Data provided includes:
  • Approximately 1,200 hours of Arabic broadcast data, obtained from about 4,000 programmes broadcast on Aljazeera Arabic TV channel over a span of 10 years, from 2005 until September 2015.
  • Time-aligned transcription as an output from light supervised alignment, with a varying quality of human transcription for the whole episode.
  • More than 110 million words of Aljazeera.net website collected between 2004, and the year of 2011

Metadata for each program include title, genre tag, and date/time of transmission. The original set of data for this period contained about 1,500 hours of audio, obtained from all shows; we have removed programmes with damaged aligned transcriptions. the aligned segmented transcription will be shared as well as the original raw transcrption (which has no time information).

Data: Description of the provided data

For each program, we will share the following:

  • The original raw transcription from Aljazeera as it shown on the Aljazeera website. The Arabic text in each file will be in UTF8 encoding.
  • XML including time information for each segments, as well as title, genre tag, and date/time of transmission about the program in Buckwalter transliteration format.
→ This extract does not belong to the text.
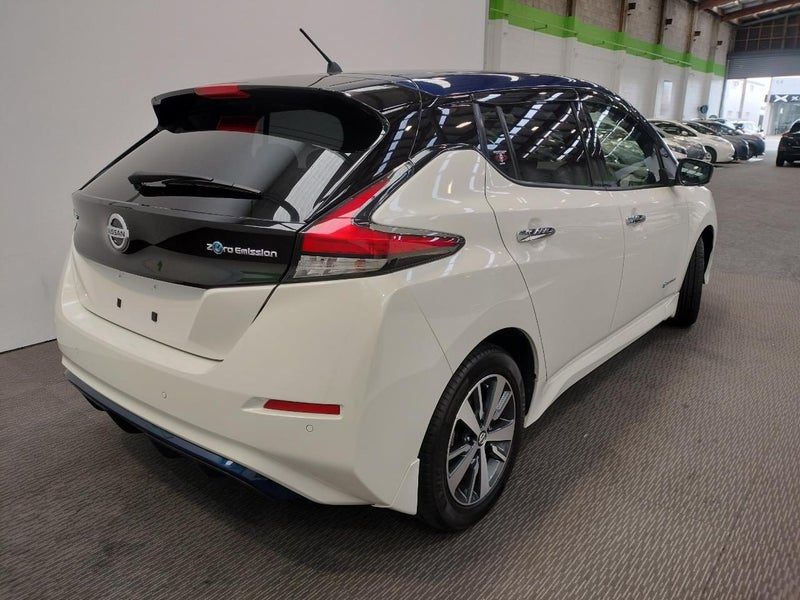2019 Nissan Leaf e+ X (62kWh), photo 3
A sample of a training audio file from the training data is available. There is also a corresponding raw transcription and an aligned segmented transcription

Evaluation tasks

Particpants can can enter any of two tasks:

  1. Speech-to-text transcription of broadcast television
  2. Alignment of broadcast audio to a subtitle file, ie. lightly supervised alignment, at the level of a whole show.
Tasks are described in more detail below. Each task has one or more primary evaluation conditions and possibly a number of contrastive conditions. To enter a task, participants must submit at least one system which fulfils the primary evaluation conditions. Note that signing the MGB challenge data license requires you to participate in at least one task.

Scoring tools for all tasks will be available on Github repository.

Rules for all tasks
  • Only audio data and language model data supplied by the organisers can be used for transcription and alignment tasks. All metadata supplied with training data can be used.
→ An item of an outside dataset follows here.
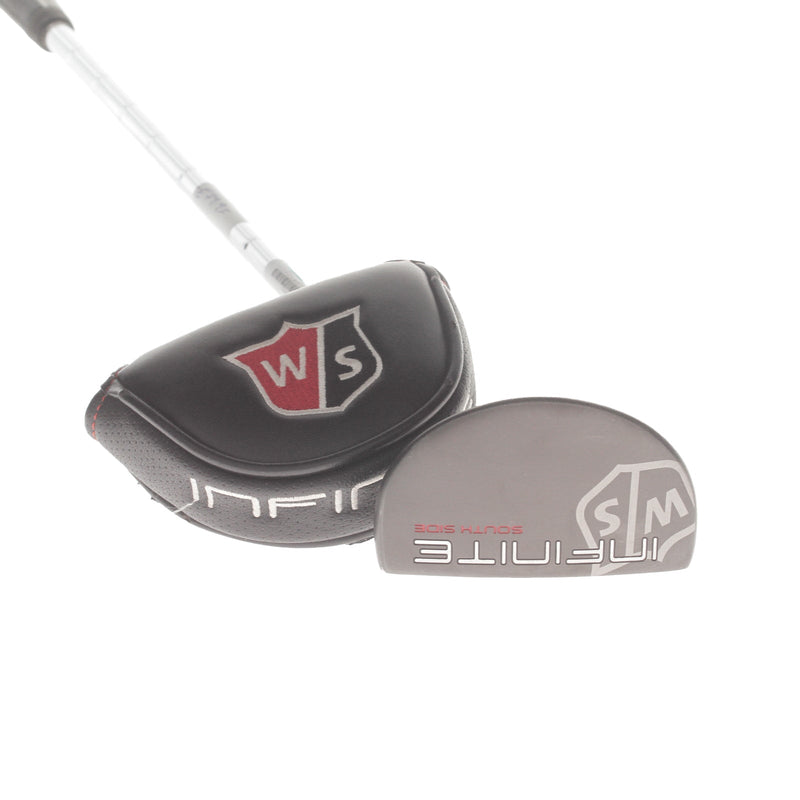Wilson Staff Infinite South Side Mens Right Hand Putter 33.5" Mallet Wilson - Odyssey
  • Any lexicon can be used.
Transcription

This is a standard speech transcription task operating on a collection of whole TV shows drawn from diverse genres. Scoring will require ASR output with word-level timings. Segments with overlap speech will be ignored for scoring purposes (where overlap is defined to minimise the regions removed - at segment level where possible). Speaker labels are not required in the hypothesis for scoring. Usual NIST-style mappings will be used to normalise reference/hypothesis.
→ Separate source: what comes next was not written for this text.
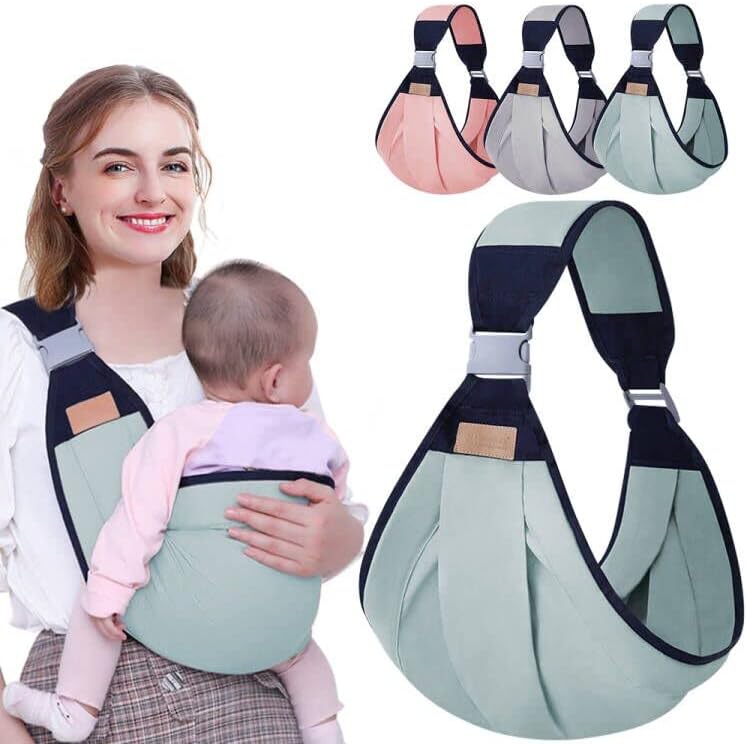 Ergonomic Baby Carrier Sling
For the evaluation data, show titles and genre labels will be supplied. Some titles will have appeared in the training data, some will be new. All genre labels will have been seen in the training data. The supplied title and genre information can be used as much as desired. Other metadata present in the development data will not be supplied for the evaluation data, but this does not preclude, for example, the usage of metadata for the development set to infer properties of shows with the same title in the evaluation data.

There will be shared speakers across training and evaluation data. It is possible for participants to automatically identify these themselves and make use of the information. However, each program in the evaluation set should be processed independently.

Alignment

In this task, participants will be supplied with a tokenised version of speech segments as they have been manually reviewed (this appears in the XML as developmentData in the metadata download). The task is to align these to the spoken audio at word level, where possible. Scoring will be performed by a script (supplied to participants shortly) that calculates a precision/recall measure for each spoken word, derived from a careful manual transcription. Participants should supply output exactly for the words in the speech segments, with word timings added.